Gibbs Steps Into Role of Civil War Soldier
WHEELING-Anthony Gibbs brought the role of a black Civil War soldier to life Saturday as part of the “Step Into Stories” series at the Ohio County Public Library.
Columbus, Ohio resident Gibbs travels extensively as an artist and living history performer. He came to Wheeling through a cooperative effort of the library and the Ohio Humanities Council to tell the story of a black soldier’s participation in the Civil War from the soldier’s point of view.
On Saturday, Gibbs stepped into the roll of one of nearly 200,000 black soldiers who fought for the Union. He said their story is a unique chapter in the American conflict.
“These men were freedom fighters who fought for emancipation and for full citizenship rights,” he said.
Gibbs took the audience through a period of national unrest, beginning in 1850, over the issue of slavery. Tension mounted, then boiled over when newly-elected President Abraham Lincoln ordered southern states to abolish slavery by Dec. 31, 1862.
When they refused to comply, he freed the slaves through the Emancipation Proclamation on Jan. 1, 1863.
He talked about being among a group of black men from Cincinnati who tried to get into the 54th Massachusetts Infantry.
When that failed, they gained permission from the War Department in 1863 to form the 127th Ohio Volunteer Infantry, later designated at the 5th Colored Infantry.
Gibbs said the Civil War claimed more than 600,000 lives.

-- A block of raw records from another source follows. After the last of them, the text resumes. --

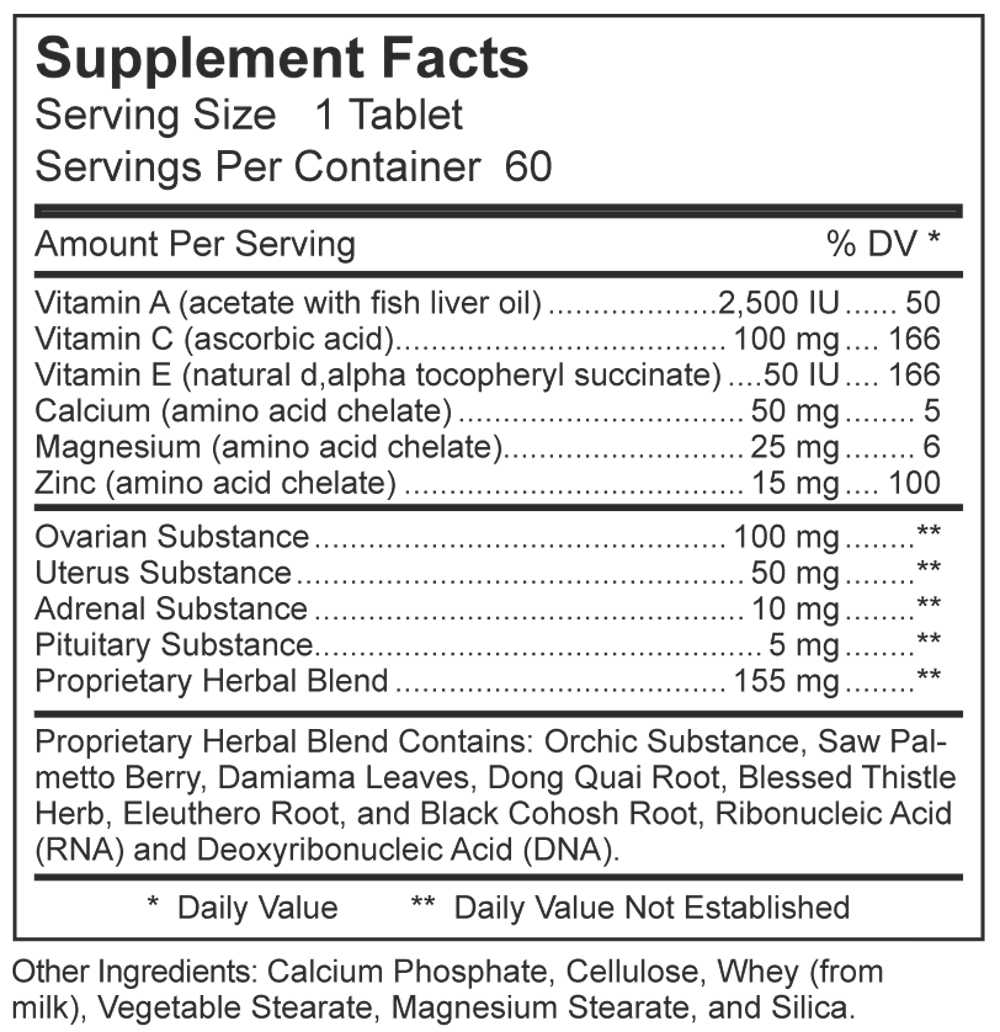 Dynamic Nutritional Associates (DNA Labs) Gynplex Supplement Facts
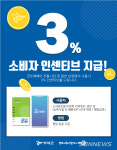 【부여】부여군 지역화폐 '굿뜨래페이'에 매출총량제 도입한다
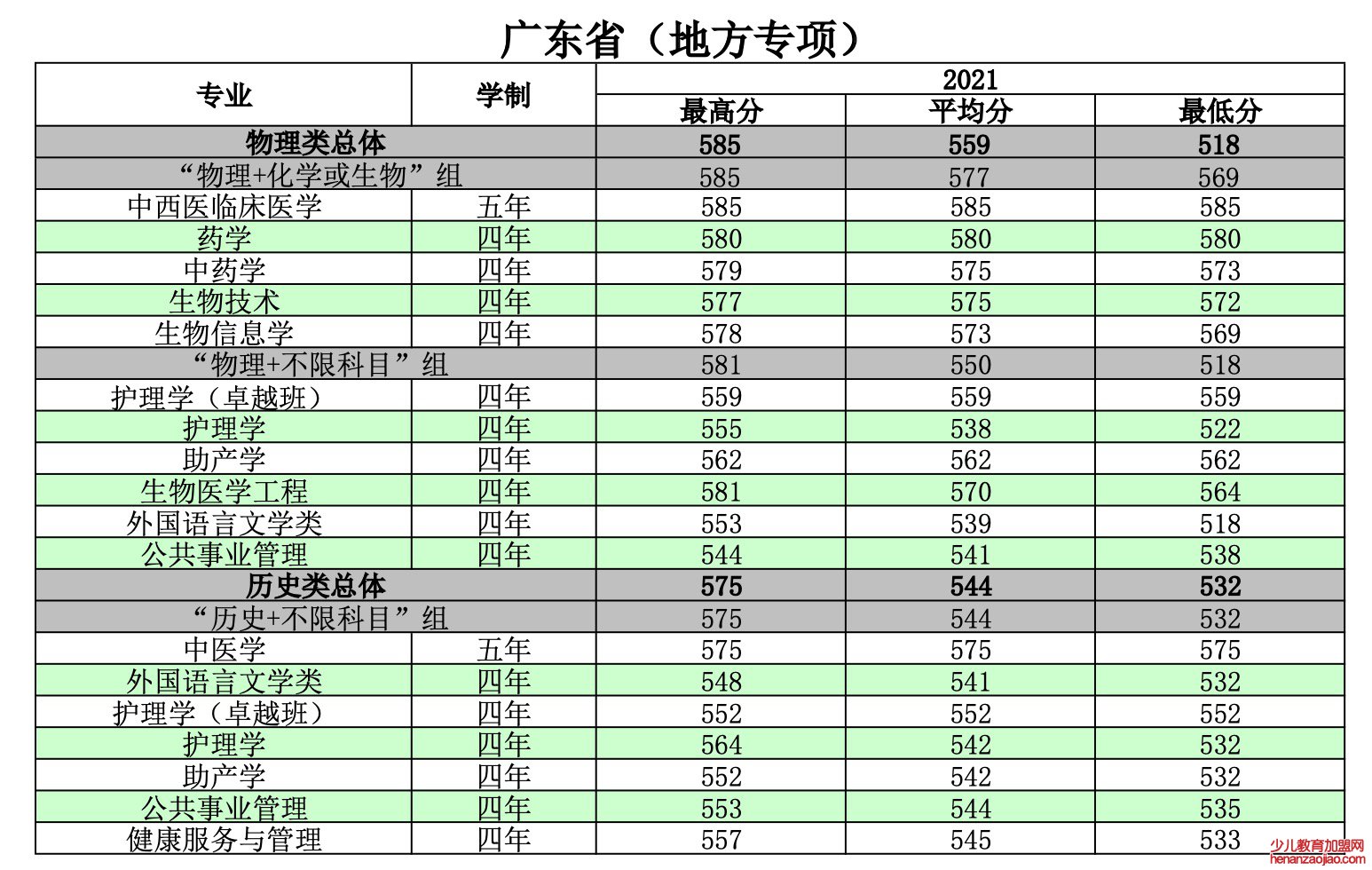 南方医科大学录取分数线2022是多少分（含2021-2022历年）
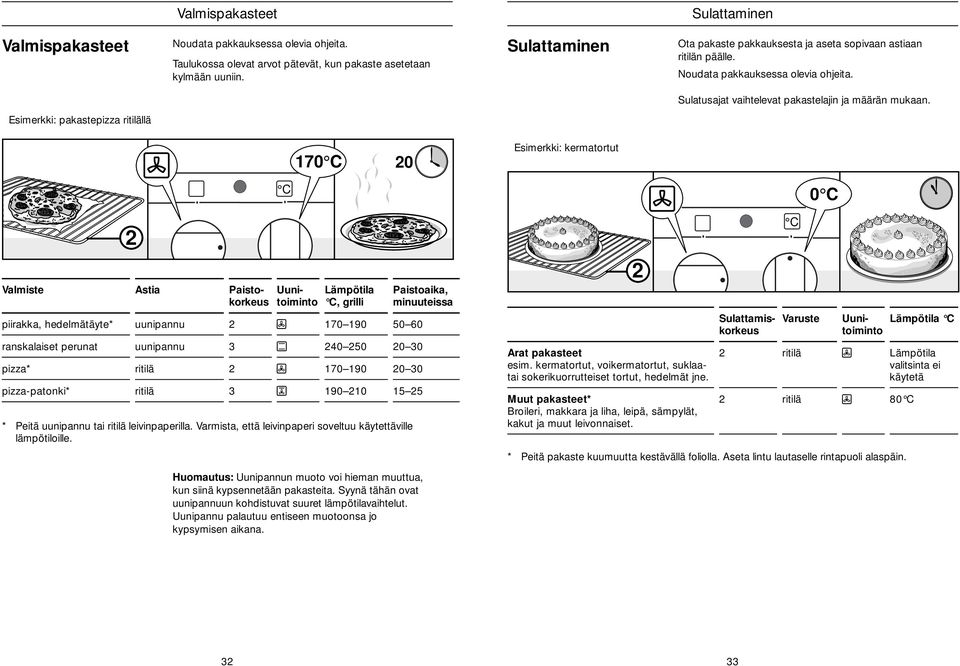 Esimerkki: pakasepizza riilällä 170 0 Esimerkki: kermaoru 0 Valmise piirakka, hedelmääye* ranskalaise peruna pizza* pizza-paonki* Asia uunipannu uunipannu riilä riilä Paisokorkeus Uunioimino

“That’s more than died in World War I, World War II, the Korean War and Vietnam combined,” he said. “Of that total, more than 33,000 black fighters died.”
He said black solders were paid $10 per month as compared to $13 per month for white men.
“Black men distinguished themselves as brave fighters,” Gibbs said. “Four of them earned the Congressional Medal of Honor.”
Gibbs’ beautifully woven story moved from the civil unrest of 1850, through the Civil War years of 1861-65 and to passage of the U. S. Constitution’s 13th Amendment, abolishing slavery; to the 14th Amendment, granting blacks citizenship; and to the 15th Amendment, giving black men the right to vote.
Also during his presentation, Gibbs touched on how the issue of slavery divided the people of Virginia to the point of part of it breaking away to form a new state called West Virginia on June 20, 1863.
A graduate of The Ohio State University, Gibbs is founder and creative director of Black Historic Impressions, an organization dedicated to the remembrance, appreciation, and exhibition of African-American contributions throughout history.
The Step Into Stories series is presented at the library at 11 a.m. and 2 p.m. each Saturday. It is designed to draw children into the world of literature through exposure to puppets, storytellers and authors.